No le gustaba hablar, ni le hacía falta. Escurridizos y certeros, sus movimientos lo llevaban adonde su voluntad decidiera. Desaparecía semanas enteras de las tolderías o se quedaba a moler maíz con las mujeres, sin más ley que su propio deseo; pero guardaba en su corazón el apego a la vida y el secreto de dialogar con los luceros.
Nunca supo en qué estación sucedió. Tirado sobre la gramilla, de cara al universo, empezó a ver como se desplomaban las estrellas. De alguna manera, por el deslumbramiento o por la entrega, sus miembros se quedaron tiesos bajo esa lluvia alucinante, que de pronto se desató sobre la tierra. No atinó a levantarse o a guarecerse, ni acertó a buscar, retrocediendo hacia el territorio de la infancia, los brazos de una madre que ya no existía. Sólo dejó que los ojos se le quedaran mirando aquel maravilloso cataclismo. Estrellas en añicos, cometas desprendidos de sus órbitas, desarenadas lunas despeñándose, le dejaron los labios atónitos y la voz estancada.
Ante el silbido de los astros, permaneció contemplando la avalancha que quebraba los árboles, la geometría irregular de los ramajes, la perentoria estabilidad de los nidos. Sometido a la belleza de la luz, canceló los sollozos, sabiendo que todo a su alrededor se desmoronaba, salvo él que, testigo impotente y obligado, presenció el derrumbe gradual de su morada.
Una vez terminado el aluvión, vuelto ya del temor y del embeleso, Avaipe trató de incorporarse. No se pudo mover. Su espalda, sus extremidades, su destino estaban clavados al suelo. Sólo el rostro podía ladearse de un lado a otro, permitiéndole ver la cabellera de fuego que le había crecido a la tierra.
No pudo gritar, orar tampoco; los gemidos le fueron vedados, pero sus ojos dejaron correr, desde la esquina de los párpados un agüita empañada. Escuchó la soledad; aprendió con paciencia las argucias de la intemperie; reconoció, dentro de las llamas aturdidas por el viento, el esqueleto de las cosas. Nadie se acercó a socorrerlo ni comprendió su aislamiento. Ante tamaña orfandad, paladeó el lento sabor de la tristeza. Como ofrenda a un sol implacable y a una luna sombría, permaneció en idéntica postura durante el ciclo de las estaciones innumerables, escuchando la vida moribunda a su alrededor.

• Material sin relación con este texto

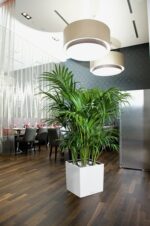 Αυτοποτιζόμενη Γλάστρα Lechuza Cube White High Gloss - Image 2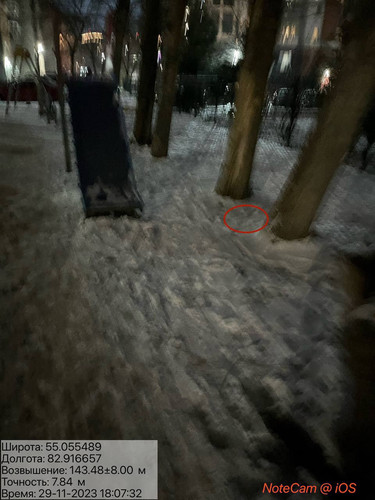 photo 5420426032848162234 y.jpg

Desde el ojo de un manantial, un amor compadecido del páramo comenzó a brotar en su interior. Se supo parte y [40] motor del universo y deseó inmolarse. Percibió los pasos de la sangre transitando sus venas cada vez con menos fuerza; se le apagaron los ojos y le florecieron las manos. Entonces sintió emerger desde el centro del pecho, nutrido de su carne y de su desolación, un árbol nuevamente primigenio.
Cuentan los sabios, que pocos se atreven a contradecir, que hasta ahora puede verse en el solitario corazón del monte, petrificada y yacente, la figura de un hombre abrazado a las raíces plurales de la selva.